Brief »
Span requested from the data below: the line with "Thank you guys" through the line with "However, what we've", both included. Give only these lines again, exactly, and leave every picture out.

Given entries »
Content starts

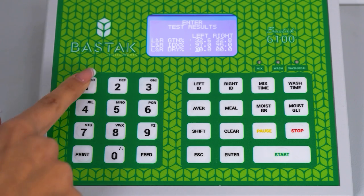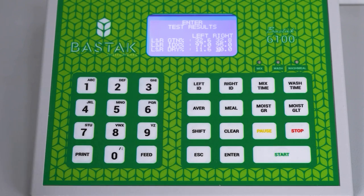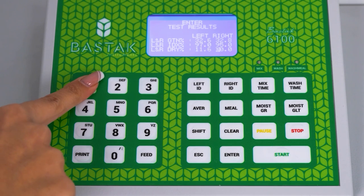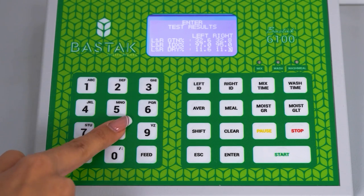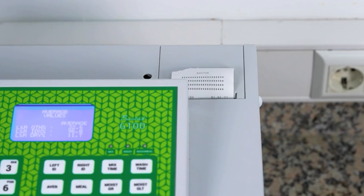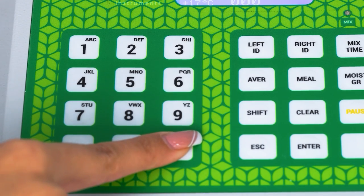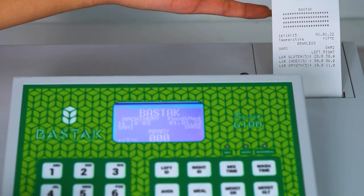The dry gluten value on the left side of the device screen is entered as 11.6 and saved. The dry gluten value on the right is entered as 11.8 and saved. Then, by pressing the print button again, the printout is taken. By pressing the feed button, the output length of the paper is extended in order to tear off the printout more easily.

Content ends
Content starts

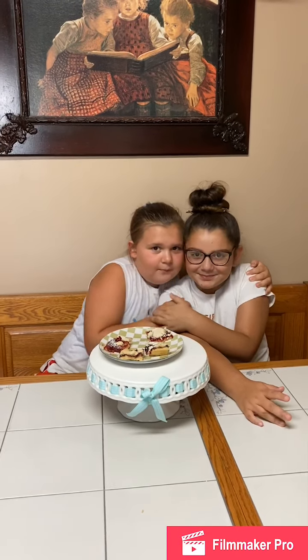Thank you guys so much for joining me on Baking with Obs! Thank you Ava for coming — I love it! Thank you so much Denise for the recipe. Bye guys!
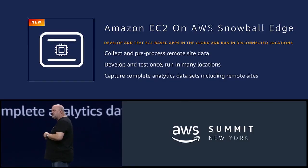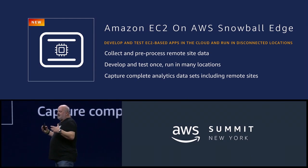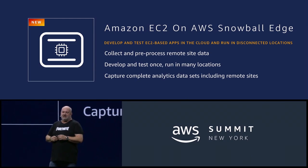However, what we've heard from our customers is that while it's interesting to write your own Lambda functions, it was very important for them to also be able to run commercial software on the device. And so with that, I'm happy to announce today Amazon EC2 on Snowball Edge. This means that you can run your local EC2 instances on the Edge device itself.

Content ends

Response to this exercise »
Thank you guys so much for joining me on Baking with Obs! Thank you Ava for coming — I love it! Thank you so much Denise for the recipe. Bye guys!
However, what we've heard from our customers is that while it's interesting to write your own Lambda functions, it was very important for them to also be able to run commercial software on the device. And so with that, I'm happy to announce today Amazon EC2 on Snowball Edge. This means that you can run your local EC2 instances on the Edge device itself.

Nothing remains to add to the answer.